| Problem details |
For this exercise, copy exactly only the lines from the one containing "Nike Black Oregon" to the final line of the material below, without the pictures.

| Source data |

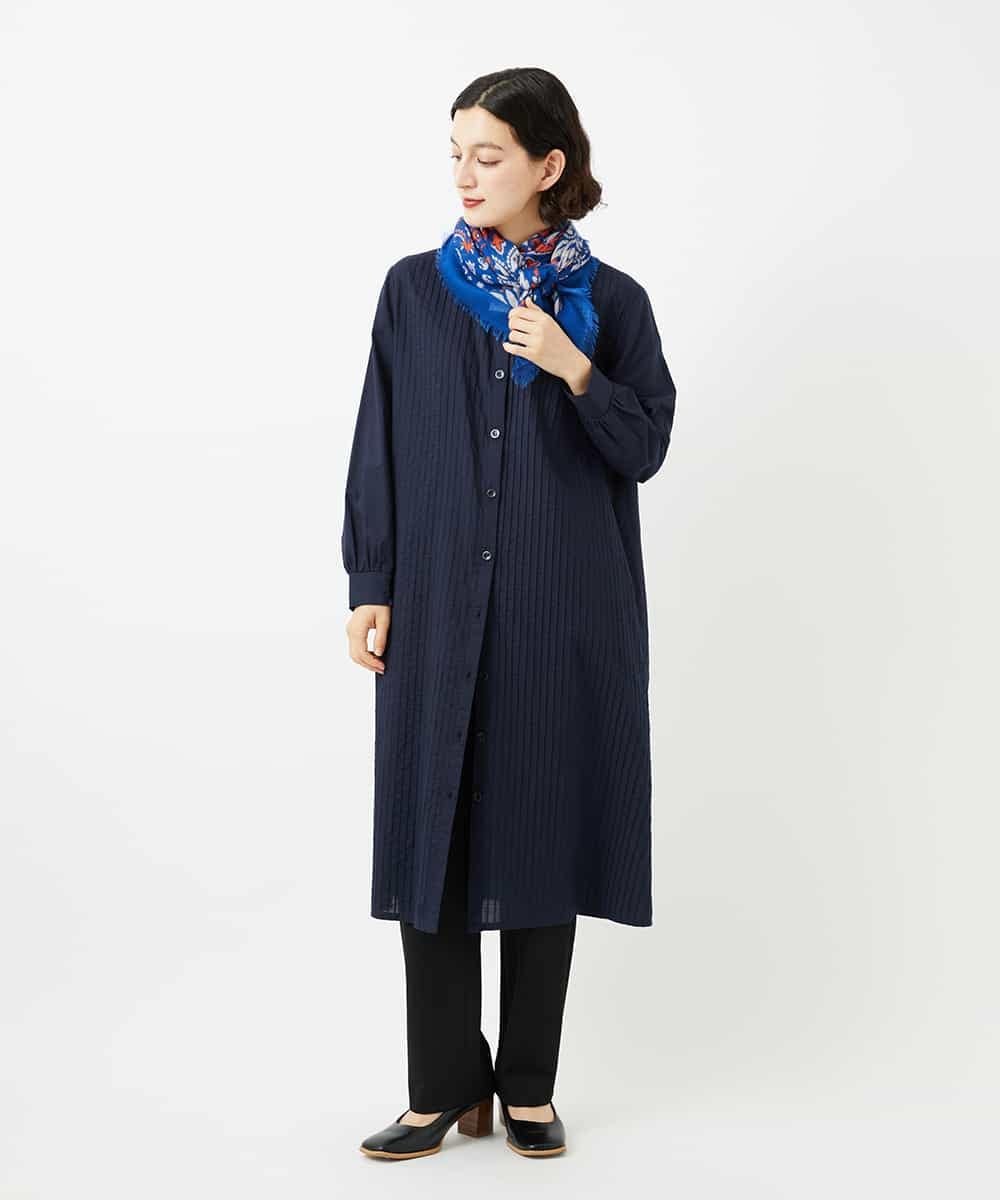 NHEJB10390 GIANNI LO GIUDICE(小さいサイズ)(メゾン ドゥ サンク) コットンローンピンタックロングブラウス ネイビー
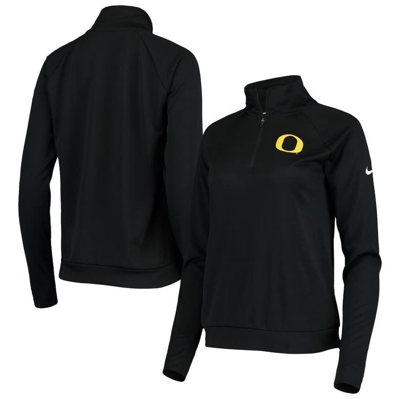Nike Black Oregon Ducks Pacer Raglan Performance Quarter-zip Jacket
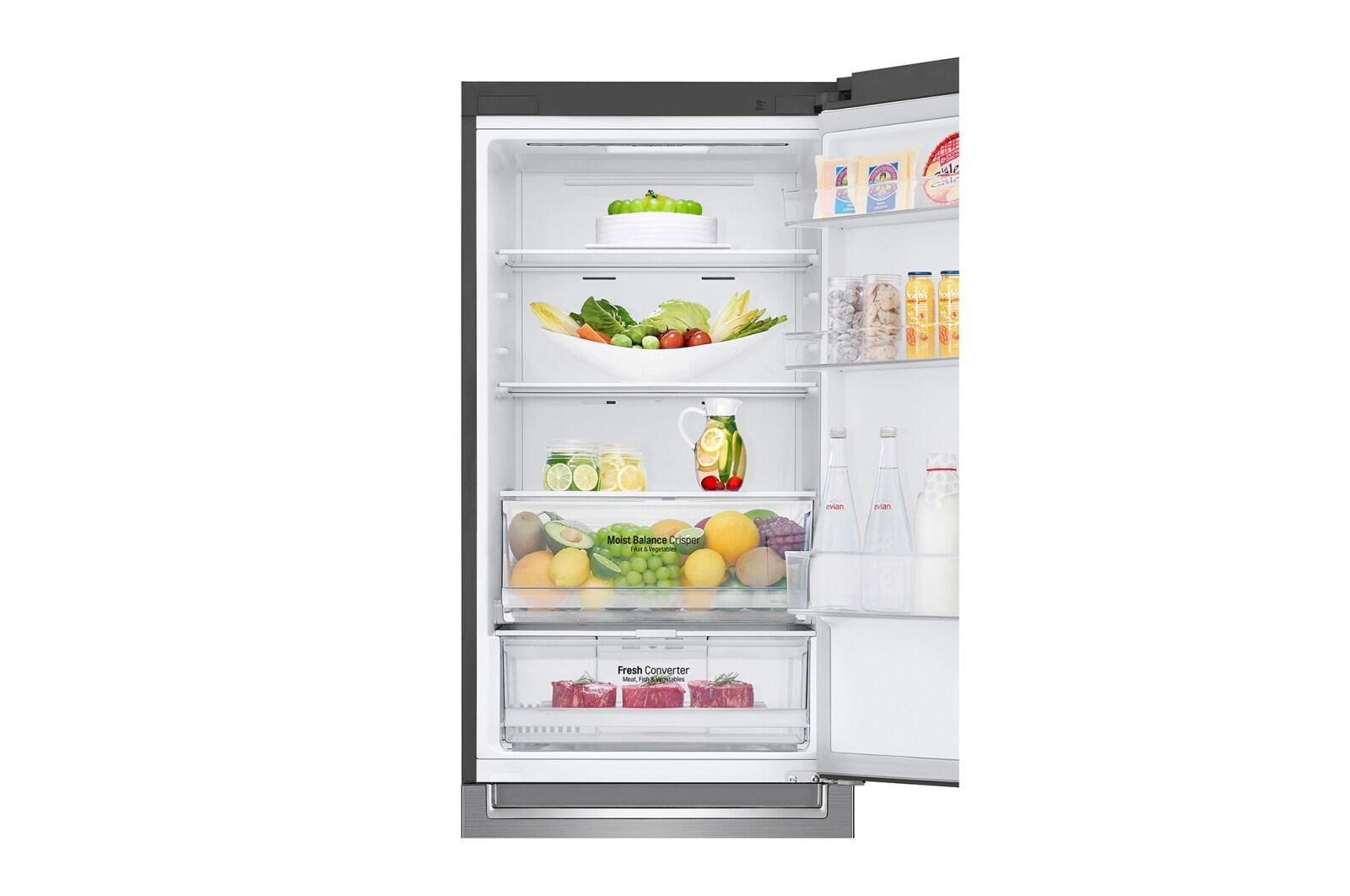 LG 1.86M 341L Kølefryseskab(Shiny Steel) - Energiklasse D, Door Cooling™ og Smart Diagnosis™ med Wi-Fi, GBB61PZFGN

| Answer to the exercise |
Nike Black Oregon Ducks Pacer Raglan Performance Quarter-zip Jacket
 LG 1.86M 341L Kølefryseskab(Shiny Steel) - Energiklasse D, Door Cooling™ og Smart Diagnosis™ med Wi-Fi, GBB61PZFGN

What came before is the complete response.